▸ What you should do:
The answer is the full listing restated exactly, without any pictures.

▸ Exercise material:
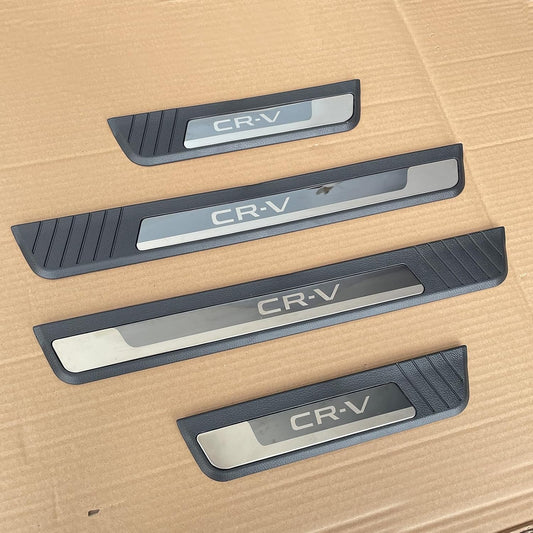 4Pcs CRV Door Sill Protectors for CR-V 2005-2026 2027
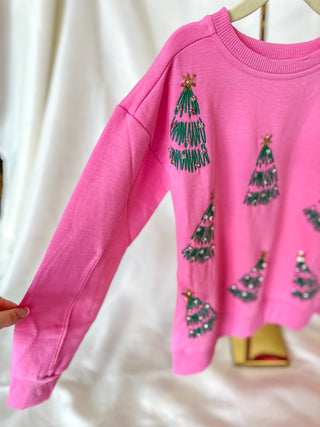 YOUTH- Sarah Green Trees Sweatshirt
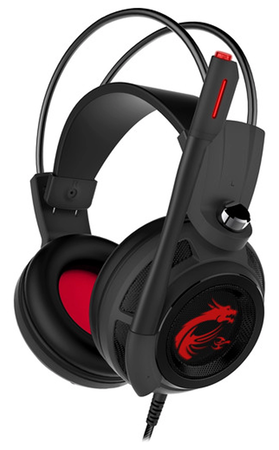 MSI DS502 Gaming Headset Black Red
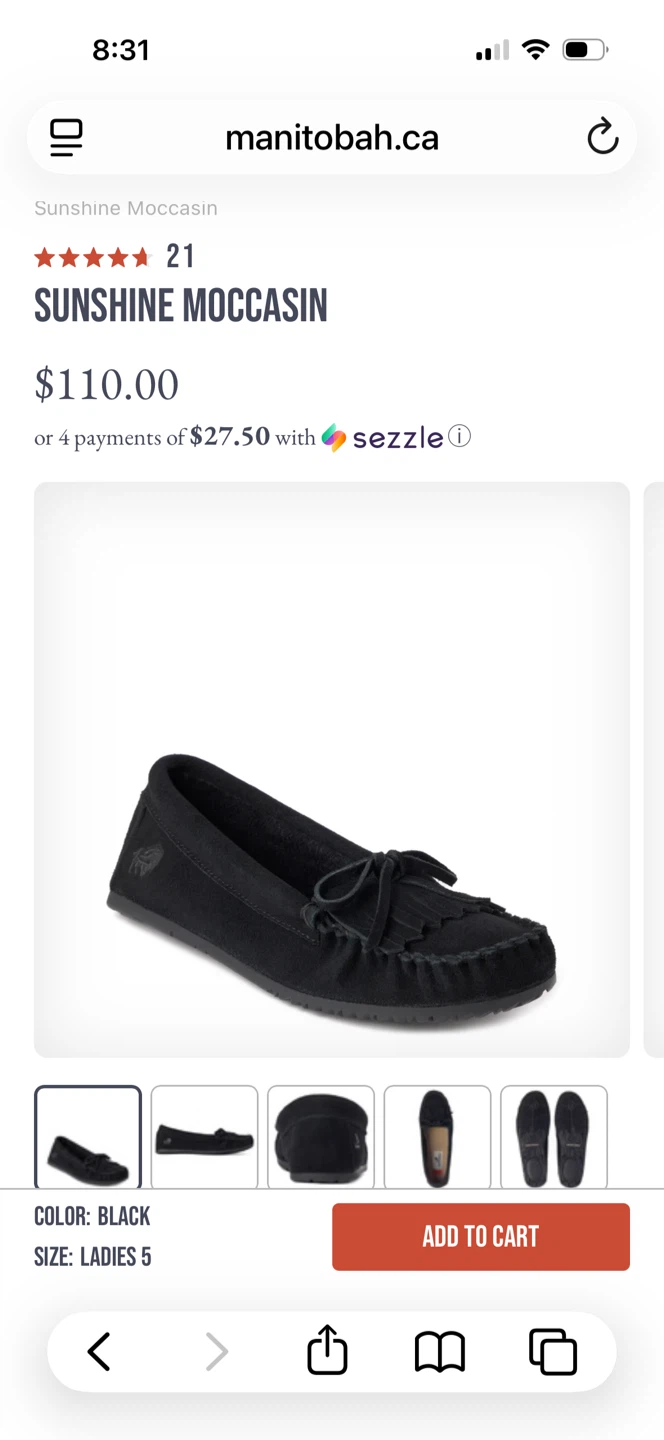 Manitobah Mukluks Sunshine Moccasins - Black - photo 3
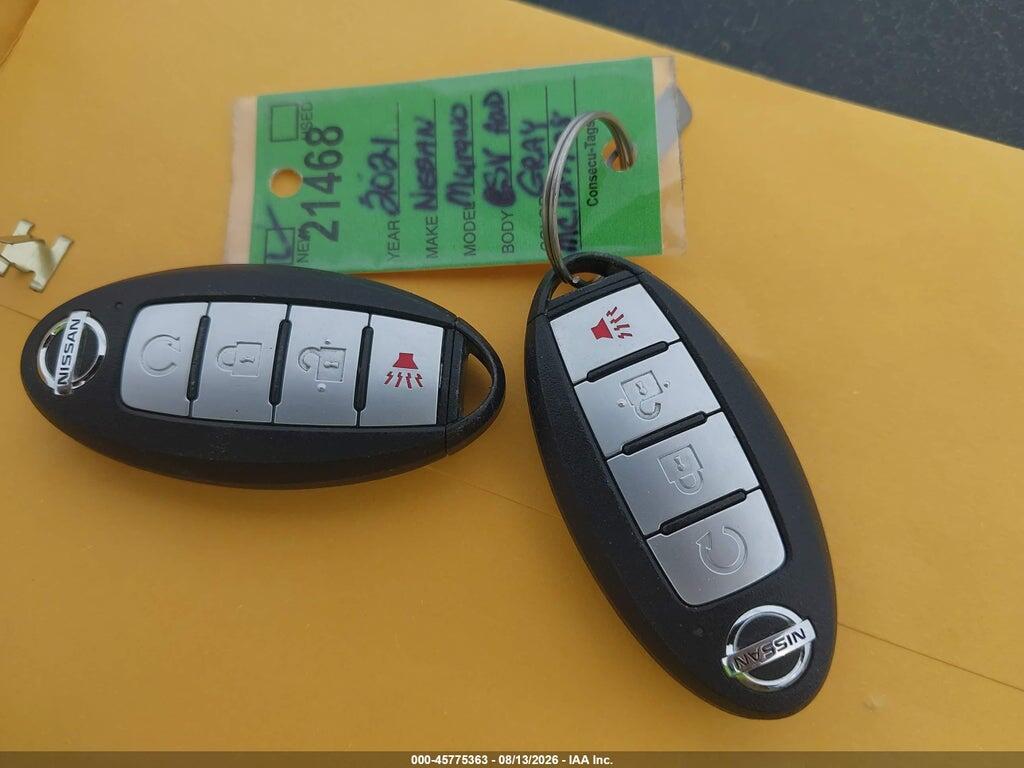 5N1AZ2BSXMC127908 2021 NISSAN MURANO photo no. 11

▸ Output for this task:
 4Pcs CRV Door Sill Protectors for CR-V 2005-2026 2027
 YOUTH- Sarah Green Trees Sweatshirt
 MSI DS502 Gaming Headset Black Red
 Manitobah Mukluks Sunshine Moccasins - Black - photo 3
 5N1AZ2BSXMC127908 2021 NISSAN MURANO photo no. 11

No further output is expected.